## Task details
Taking the lines below one at a time, count those with the string "View" and give the result alone.

## Provided data
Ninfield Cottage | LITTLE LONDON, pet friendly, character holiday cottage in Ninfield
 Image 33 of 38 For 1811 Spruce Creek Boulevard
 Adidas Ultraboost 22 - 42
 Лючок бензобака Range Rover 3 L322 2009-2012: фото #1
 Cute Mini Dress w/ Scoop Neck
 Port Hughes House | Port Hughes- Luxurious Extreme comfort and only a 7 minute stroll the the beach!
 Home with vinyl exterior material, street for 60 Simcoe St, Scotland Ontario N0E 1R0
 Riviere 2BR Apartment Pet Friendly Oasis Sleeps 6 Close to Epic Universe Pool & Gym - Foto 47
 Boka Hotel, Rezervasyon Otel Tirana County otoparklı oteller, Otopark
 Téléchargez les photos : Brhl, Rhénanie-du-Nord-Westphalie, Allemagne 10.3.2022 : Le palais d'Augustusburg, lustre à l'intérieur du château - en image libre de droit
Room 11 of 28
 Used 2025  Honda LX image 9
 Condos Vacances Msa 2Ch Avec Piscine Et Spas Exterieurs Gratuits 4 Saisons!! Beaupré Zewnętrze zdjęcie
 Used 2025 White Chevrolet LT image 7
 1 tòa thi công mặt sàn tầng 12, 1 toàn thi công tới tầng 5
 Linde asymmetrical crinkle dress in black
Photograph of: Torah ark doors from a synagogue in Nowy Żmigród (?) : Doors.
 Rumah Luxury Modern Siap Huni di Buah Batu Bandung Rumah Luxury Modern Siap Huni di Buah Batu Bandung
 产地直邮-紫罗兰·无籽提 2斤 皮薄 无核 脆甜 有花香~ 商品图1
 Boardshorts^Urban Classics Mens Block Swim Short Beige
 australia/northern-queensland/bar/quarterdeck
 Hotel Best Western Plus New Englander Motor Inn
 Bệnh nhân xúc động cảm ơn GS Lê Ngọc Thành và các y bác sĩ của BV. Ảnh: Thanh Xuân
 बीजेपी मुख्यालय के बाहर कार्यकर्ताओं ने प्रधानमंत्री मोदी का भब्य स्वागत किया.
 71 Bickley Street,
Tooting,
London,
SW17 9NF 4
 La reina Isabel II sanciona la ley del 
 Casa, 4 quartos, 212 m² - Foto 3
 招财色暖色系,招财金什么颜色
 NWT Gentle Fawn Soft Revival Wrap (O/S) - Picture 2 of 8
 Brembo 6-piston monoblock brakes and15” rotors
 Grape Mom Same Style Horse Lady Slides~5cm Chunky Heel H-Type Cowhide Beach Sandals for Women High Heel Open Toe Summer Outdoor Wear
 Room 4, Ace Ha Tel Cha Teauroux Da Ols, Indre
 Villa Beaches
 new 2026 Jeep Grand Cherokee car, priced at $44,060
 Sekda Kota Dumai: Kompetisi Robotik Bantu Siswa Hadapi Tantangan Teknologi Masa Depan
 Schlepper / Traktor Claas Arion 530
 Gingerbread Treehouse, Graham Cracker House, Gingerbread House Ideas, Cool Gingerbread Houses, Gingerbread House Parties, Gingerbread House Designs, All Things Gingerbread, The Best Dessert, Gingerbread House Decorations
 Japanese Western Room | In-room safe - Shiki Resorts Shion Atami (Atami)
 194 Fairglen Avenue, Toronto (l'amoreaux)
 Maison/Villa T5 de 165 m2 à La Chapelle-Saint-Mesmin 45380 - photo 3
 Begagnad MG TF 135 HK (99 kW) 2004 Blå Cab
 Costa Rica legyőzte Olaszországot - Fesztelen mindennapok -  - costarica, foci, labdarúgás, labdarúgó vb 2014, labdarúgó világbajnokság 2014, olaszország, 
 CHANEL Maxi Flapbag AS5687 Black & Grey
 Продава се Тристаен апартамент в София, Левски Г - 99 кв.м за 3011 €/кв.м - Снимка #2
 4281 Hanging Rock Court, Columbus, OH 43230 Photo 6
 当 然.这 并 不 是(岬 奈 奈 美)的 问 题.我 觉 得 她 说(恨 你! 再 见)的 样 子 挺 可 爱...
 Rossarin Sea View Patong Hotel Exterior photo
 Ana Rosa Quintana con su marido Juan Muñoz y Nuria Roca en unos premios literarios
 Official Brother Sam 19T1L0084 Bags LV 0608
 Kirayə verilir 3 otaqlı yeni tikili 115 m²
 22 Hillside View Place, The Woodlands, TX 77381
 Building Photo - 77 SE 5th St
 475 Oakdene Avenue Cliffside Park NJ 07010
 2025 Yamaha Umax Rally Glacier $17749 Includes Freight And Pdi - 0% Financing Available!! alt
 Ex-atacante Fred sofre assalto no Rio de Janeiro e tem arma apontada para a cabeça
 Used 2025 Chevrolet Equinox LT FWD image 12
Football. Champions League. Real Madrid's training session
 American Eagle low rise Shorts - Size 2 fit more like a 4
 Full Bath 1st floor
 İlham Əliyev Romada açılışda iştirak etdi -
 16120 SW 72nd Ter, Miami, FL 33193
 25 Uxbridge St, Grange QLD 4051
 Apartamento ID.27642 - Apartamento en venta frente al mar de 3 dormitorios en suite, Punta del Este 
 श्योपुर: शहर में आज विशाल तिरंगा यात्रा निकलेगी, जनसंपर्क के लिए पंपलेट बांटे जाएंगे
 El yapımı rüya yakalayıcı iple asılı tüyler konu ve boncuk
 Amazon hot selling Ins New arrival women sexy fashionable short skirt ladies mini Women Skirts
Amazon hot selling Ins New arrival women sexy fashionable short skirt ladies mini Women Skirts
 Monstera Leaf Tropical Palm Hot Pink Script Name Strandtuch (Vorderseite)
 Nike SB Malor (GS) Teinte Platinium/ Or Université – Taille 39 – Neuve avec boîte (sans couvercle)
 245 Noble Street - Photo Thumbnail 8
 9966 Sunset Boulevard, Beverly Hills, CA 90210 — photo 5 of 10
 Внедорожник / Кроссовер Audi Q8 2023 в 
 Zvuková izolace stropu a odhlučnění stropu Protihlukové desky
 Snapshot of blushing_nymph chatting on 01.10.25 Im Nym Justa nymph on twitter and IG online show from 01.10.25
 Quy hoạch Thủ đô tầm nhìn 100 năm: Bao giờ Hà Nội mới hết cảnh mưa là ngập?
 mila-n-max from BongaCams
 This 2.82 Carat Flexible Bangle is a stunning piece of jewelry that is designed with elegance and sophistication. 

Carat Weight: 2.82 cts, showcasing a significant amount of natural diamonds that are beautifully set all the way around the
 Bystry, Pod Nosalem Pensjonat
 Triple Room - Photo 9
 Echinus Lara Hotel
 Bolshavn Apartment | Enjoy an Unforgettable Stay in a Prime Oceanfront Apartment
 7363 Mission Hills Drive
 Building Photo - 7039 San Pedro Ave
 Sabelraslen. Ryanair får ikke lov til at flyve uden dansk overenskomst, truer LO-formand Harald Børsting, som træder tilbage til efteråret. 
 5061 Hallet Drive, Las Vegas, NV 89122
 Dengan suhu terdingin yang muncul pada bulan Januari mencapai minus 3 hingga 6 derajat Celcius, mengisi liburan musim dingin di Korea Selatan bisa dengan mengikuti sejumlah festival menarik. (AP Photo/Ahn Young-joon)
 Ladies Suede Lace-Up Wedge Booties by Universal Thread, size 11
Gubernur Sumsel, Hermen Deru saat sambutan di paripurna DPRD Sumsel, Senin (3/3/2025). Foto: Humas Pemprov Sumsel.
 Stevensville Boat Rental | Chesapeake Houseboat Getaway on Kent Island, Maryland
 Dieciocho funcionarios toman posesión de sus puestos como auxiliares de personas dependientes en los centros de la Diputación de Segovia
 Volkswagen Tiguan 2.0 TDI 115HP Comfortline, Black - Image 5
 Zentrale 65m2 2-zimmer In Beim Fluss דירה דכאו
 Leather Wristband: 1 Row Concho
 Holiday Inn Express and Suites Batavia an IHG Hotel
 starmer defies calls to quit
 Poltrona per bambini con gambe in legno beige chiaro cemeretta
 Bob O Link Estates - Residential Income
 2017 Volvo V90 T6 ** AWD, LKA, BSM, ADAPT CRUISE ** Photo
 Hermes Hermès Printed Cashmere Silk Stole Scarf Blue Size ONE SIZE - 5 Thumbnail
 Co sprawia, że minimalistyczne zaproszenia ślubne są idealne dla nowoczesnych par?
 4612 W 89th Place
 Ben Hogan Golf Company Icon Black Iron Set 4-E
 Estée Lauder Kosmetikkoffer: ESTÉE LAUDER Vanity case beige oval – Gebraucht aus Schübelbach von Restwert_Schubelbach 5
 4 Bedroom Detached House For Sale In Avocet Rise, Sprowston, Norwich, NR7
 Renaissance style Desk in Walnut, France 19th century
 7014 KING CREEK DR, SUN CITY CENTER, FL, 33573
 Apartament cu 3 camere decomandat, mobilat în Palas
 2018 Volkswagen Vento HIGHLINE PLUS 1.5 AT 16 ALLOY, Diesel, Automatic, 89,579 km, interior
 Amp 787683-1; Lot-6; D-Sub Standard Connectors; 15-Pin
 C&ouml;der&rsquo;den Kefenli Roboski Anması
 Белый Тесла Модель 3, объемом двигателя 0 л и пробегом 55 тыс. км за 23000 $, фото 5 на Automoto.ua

## Answer for the task
2